[YOUR TASK]:
Below are entries; output exactly the lines from the one with "3D Hexagonal Column" to the one with "humthy bonnet styled", both included, and nothing else.

[ENTRIES PROVIDED]:
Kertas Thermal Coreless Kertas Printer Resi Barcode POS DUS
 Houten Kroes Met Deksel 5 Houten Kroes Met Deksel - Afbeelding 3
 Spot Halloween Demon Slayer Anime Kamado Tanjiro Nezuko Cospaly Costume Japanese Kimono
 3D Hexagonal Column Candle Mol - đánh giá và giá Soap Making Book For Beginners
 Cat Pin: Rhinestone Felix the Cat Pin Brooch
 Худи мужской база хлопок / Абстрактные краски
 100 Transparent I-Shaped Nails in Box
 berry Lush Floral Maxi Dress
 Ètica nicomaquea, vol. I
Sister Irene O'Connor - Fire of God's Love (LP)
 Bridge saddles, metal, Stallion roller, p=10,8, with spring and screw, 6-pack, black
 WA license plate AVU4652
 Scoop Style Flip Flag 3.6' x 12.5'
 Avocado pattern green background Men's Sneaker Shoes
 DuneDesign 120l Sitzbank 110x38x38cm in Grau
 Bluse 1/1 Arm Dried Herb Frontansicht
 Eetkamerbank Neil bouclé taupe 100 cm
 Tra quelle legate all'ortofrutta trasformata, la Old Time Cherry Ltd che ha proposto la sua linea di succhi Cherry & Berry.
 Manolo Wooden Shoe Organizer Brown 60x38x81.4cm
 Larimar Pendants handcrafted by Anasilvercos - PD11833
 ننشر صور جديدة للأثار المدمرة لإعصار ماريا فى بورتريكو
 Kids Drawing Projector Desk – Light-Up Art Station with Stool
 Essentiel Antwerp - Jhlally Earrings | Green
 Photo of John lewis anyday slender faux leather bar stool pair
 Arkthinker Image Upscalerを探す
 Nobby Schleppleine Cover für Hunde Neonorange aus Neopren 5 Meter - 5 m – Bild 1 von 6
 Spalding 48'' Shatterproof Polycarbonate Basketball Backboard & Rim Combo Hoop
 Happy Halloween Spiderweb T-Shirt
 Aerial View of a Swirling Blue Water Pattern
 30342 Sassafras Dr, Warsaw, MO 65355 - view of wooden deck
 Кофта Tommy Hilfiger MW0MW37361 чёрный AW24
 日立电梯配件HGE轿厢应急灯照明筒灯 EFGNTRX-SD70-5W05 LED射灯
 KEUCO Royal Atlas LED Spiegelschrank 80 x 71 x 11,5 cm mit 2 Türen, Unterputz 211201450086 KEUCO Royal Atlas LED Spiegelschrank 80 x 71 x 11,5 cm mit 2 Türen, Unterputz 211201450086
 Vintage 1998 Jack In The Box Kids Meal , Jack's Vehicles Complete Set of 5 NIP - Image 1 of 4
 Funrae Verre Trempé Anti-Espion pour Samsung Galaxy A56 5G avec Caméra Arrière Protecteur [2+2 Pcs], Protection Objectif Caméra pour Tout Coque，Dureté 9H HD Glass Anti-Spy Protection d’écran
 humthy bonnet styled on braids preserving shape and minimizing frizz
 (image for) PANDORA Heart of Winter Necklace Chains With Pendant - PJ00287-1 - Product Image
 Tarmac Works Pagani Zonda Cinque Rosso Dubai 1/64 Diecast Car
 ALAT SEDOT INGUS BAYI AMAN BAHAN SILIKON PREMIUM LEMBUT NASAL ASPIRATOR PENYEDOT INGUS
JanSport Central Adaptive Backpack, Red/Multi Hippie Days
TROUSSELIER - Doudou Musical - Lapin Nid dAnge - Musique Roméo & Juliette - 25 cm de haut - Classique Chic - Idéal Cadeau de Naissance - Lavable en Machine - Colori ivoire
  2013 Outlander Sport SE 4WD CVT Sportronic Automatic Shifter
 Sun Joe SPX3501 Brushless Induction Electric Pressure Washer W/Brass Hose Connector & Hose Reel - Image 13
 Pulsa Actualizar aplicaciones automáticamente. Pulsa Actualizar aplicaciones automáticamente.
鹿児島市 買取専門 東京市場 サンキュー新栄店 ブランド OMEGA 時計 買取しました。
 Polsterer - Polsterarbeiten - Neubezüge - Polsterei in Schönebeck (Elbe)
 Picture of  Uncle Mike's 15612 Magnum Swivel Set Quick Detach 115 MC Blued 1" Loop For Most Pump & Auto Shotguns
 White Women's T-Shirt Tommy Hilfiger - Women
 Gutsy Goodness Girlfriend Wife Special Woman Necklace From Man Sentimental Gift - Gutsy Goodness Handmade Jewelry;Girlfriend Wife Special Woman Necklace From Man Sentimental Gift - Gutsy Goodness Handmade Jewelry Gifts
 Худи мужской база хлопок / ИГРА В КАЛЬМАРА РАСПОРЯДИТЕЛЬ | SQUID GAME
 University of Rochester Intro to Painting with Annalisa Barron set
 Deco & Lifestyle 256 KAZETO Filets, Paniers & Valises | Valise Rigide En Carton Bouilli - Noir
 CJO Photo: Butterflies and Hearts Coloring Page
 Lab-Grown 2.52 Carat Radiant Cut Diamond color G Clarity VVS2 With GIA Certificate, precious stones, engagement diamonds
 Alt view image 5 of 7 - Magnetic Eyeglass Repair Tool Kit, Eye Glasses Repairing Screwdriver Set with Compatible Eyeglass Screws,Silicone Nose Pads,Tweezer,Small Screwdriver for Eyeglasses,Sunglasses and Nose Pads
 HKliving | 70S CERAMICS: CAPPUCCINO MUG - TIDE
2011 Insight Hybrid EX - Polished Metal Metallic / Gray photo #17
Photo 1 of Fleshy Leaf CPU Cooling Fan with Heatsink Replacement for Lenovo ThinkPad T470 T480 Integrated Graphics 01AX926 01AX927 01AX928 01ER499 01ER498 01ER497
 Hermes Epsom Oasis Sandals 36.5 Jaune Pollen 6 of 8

[OUTPUT OF THE TASK]:
 3D Hexagonal Column Candle Mol - đánh giá và giá Soap Making Book For Beginners
 Cat Pin: Rhinestone Felix the Cat Pin Brooch
 Худи мужской база хлопок / Абстрактные краски
 100 Transparent I-Shaped Nails in Box
 berry Lush Floral Maxi Dress
 Ètica nicomaquea, vol. I
Sister Irene O'Connor - Fire of God's Love (LP)
 Bridge saddles, metal, Stallion roller, p=10,8, with spring and screw, 6-pack, black
 WA license plate AVU4652
 Scoop Style Flip Flag 3.6' x 12.5'
 Avocado pattern green background Men's Sneaker Shoes
 DuneDesign 120l Sitzbank 110x38x38cm in Grau
 Bluse 1/1 Arm Dried Herb Frontansicht
 Eetkamerbank Neil bouclé taupe 100 cm
 Tra quelle legate all'ortofrutta trasformata, la Old Time Cherry Ltd che ha proposto la sua linea di succhi Cherry & Berry.
 Manolo Wooden Shoe Organizer Brown 60x38x81.4cm
 Larimar Pendants handcrafted by Anasilvercos - PD11833
 ننشر صور جديدة للأثار المدمرة لإعصار ماريا فى بورتريكو
 Kids Drawing Projector Desk – Light-Up Art Station with Stool
 Essentiel Antwerp - Jhlally Earrings | Green
 Photo of John lewis anyday slender faux leather bar stool pair
 Arkthinker Image Upscalerを探す
 Nobby Schleppleine Cover für Hunde Neonorange aus Neopren 5 Meter - 5 m – Bild 1 von 6
 Spalding 48'' Shatterproof Polycarbonate Basketball Backboard & Rim Combo Hoop
 Happy Halloween Spiderweb T-Shirt
 Aerial View of a Swirling Blue Water Pattern
 30342 Sassafras Dr, Warsaw, MO 65355 - view of wooden deck
 Кофта Tommy Hilfiger MW0MW37361 чёрный AW24
 日立电梯配件HGE轿厢应急灯照明筒灯 EFGNTRX-SD70-5W05 LED射灯
 KEUCO Royal Atlas LED Spiegelschrank 80 x 71 x 11,5 cm mit 2 Türen, Unterputz 211201450086 KEUCO Royal Atlas LED Spiegelschrank 80 x 71 x 11,5 cm mit 2 Türen, Unterputz 211201450086
 Vintage 1998 Jack In The Box Kids Meal , Jack's Vehicles Complete Set of 5 NIP - Image 1 of 4
 Funrae Verre Trempé Anti-Espion pour Samsung Galaxy A56 5G avec Caméra Arrière Protecteur [2+2 Pcs], Protection Objectif Caméra pour Tout Coque，Dureté 9H HD Glass Anti-Spy Protection d’écran
 humthy bonnet styled on braids preserving shape and minimizing frizz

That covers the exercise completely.